HOLLYWOOD DANS LE ROUGE

Ce film fait honneur aux États-Unis. L'histoire, qui se déroule de 1949 à 1970, plonge le spectateur dans cette période où, obsédées par la guerre froide, les élites culturelles et politiques ont cédé à la chasse aux sorcières. L'atmosphère est sobrement reconstituée : les décors sont, sans ostentation, remarquablement crédibles. On évite la muséographie un peu kitsch qui, souvent, sature l'ambiance des films d'époque de clichés vintage.

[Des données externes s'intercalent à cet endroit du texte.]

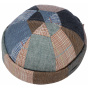 Giacomo Linen & Silk Patchwork Docker Beanie - Stetson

Montrer que les communistes aux États-Unis n'étaient pas des diables, surtout en cette période où le Tea Party et un populisme nauséabond y renvoient dans la bestialité Mexicains et Noirs, le pari était risqué : à partir du roman biographique de Bruce Cook, Jay Roach l'a tenu avec maestria. Entre 1949 et 1952, la traque anticommuniste orchestrée par le sénateur McCarthy a frappé de plein fouet l'univers pailleté de Hollywood comme tout le pays. Les dénonciations ont envoyé en prison, ruiné, épuisé, acculé au suicide des milliers d'innocents. Dalton Trumbo (joué par Bryan Cranston), alors scénariste à succès, fait partie de ses victimes. Le film montre comment il est traîné dans la boue de l'infamie, en particulier par une presse vénéneuse, ici incarnée par l'épatante Helen Mirren. Des figures emblématiques de « l'usine à rêves », comme John Wayne (David James Elliott), ont participé à la curée. Le passage en prison comme l'engagement de la fille de Dalton Trumbo, Niki (Elle Fanning), confrontent le spectateur à l'émergence de la lutte pour les droits civiques des Noirs, avec toutes ses ambiguïtés : humaniste incontestable, Dalton Trumbo n'échappe pourtant pas aux préjugés raciaux.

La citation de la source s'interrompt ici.